International career
- Years: Team / Apps / (Points)
- 1953–1959: England / 28 / (Pts:15)
- 1955: British and Irish Lions / 4 / (12)

= Jeff Butterfield =

British Lions & England international rugby union player

Jeffrey Butterfield (9 August 1929 – 30 April 2004) was an England, British and Irish Lions, Yorkshire, Cleckheaton RUFC, Northampton and Barbarians Rugby player and businessman.

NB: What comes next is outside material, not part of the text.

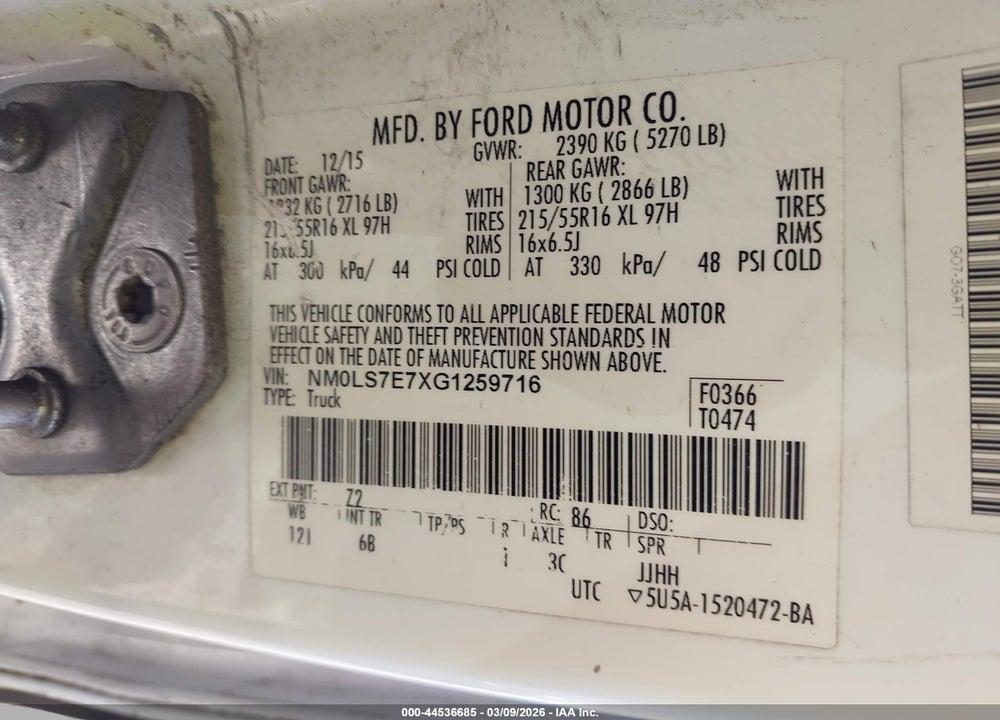 2016 FORD TRANSIT CONNECT XL VIN: NM0LS7E7XG1259716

==Education and teaching career==
Butterfield was educated at Whitcliffe Mount Grammar School, Cleckheaton and Loughborough College, where he took a BSc. in Physical Education in 1951. He later took up a teaching post at Wellingborough Grammar School in Northamptonshire, after which he became a science master at Worksop College.

==Rugby career==
Butterfield began his senior rugby career with Northampton Saints and played for them 227 times. In addition to his duties at Northampton he also played 54 times for Yorkshire and captained them in two County Championship finals, in 1953 and 1957.

He is considered to have been one of the most gifted centres to have played Rugby for England and was capped 28 times and captained the team four times. He was first capped by England in 1953 against France; here he played with a fellow Northampton player Lew Cannell. Butterfield played for England for 6 years, including 28 successive matches – in his final season he was captain. Butterfield became England's most capped back, and on his watch, England won the Five Nations' Championship four times, the Triple Crown twice and a Grand Slam.

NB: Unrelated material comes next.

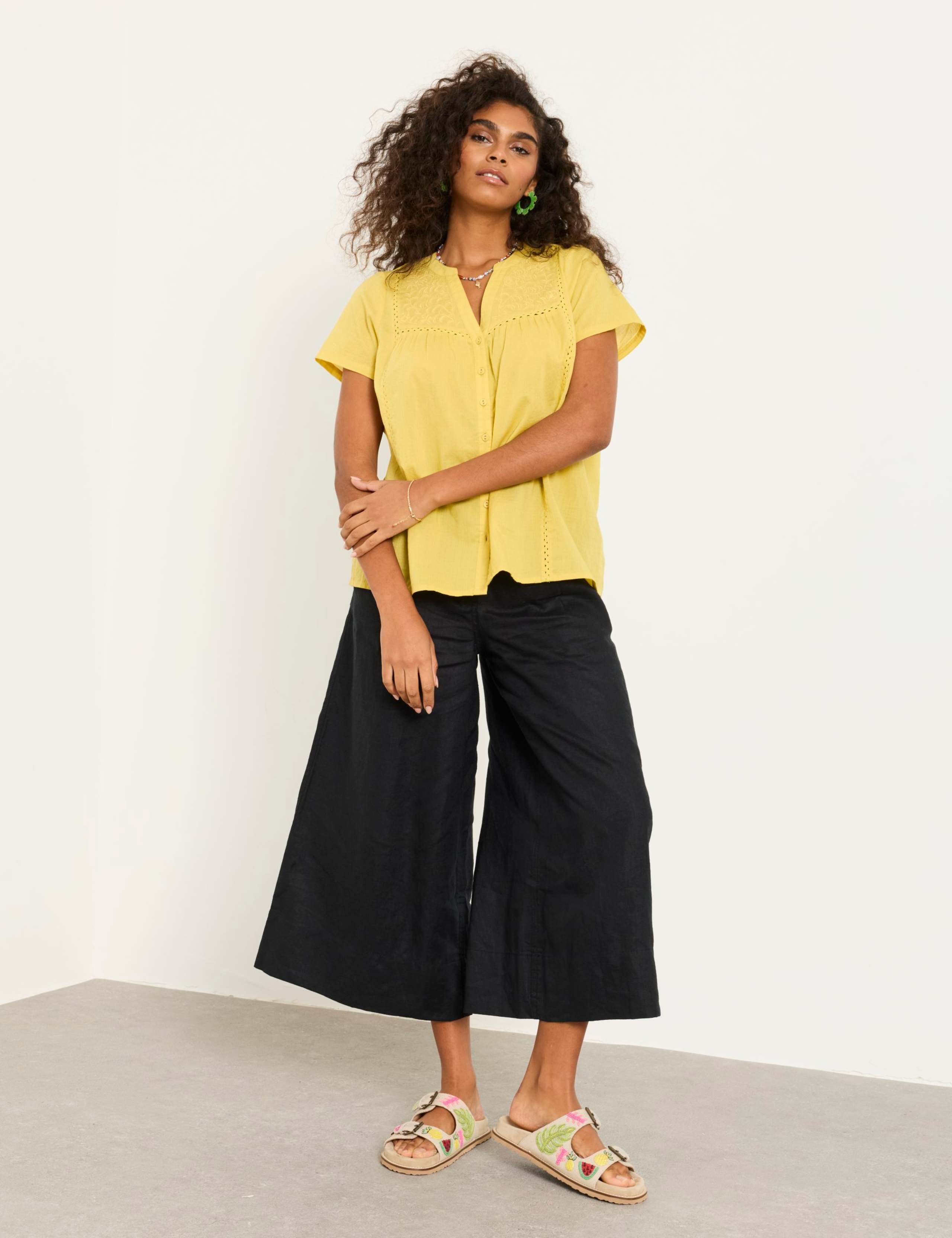 Pure Linen Wide Leg Cropped Trousers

As well as playing for Northampton and England, Butterfield is celebrated for his play on the 1955 British Lions tour to South Africa where he scored tries in three of the four test matches. He later toured with the Lions in New Zealand in 1959 but here he was plagued by an injury and was unable to play in any of the matches.

Butterfield was influenced as a player by the Bradford Northern Rugby League club whom he used to watch as a child. He used to watch the pre-war international outside half, Willie Davies. Of him, Butterfield said, "Willie always carried the ball in front of him with both hands. Though he always continued to run straight when he passed. I modelled my technique on his." One of the most memorable features of Butterfield's game was his near-perfect timing of a pass.

==Later life==
After retiring from full-time rugby, Butterfield briefly worked the paint industry and later opened the Rugby Club in Hallam Street, London, which he and his wife, Barbara, ran for 25 years. Butterfield and his family also enjoyed skiing. His later years were dogged by ill health.

Butterfield was President of Milton Keynes Rugby Club from 1972 until his death in 2004 and also had a unique role in developing rugby union in the Cayman Islands.

Butterfield married Barbara Kirton in 1956 and they had one son (Giles).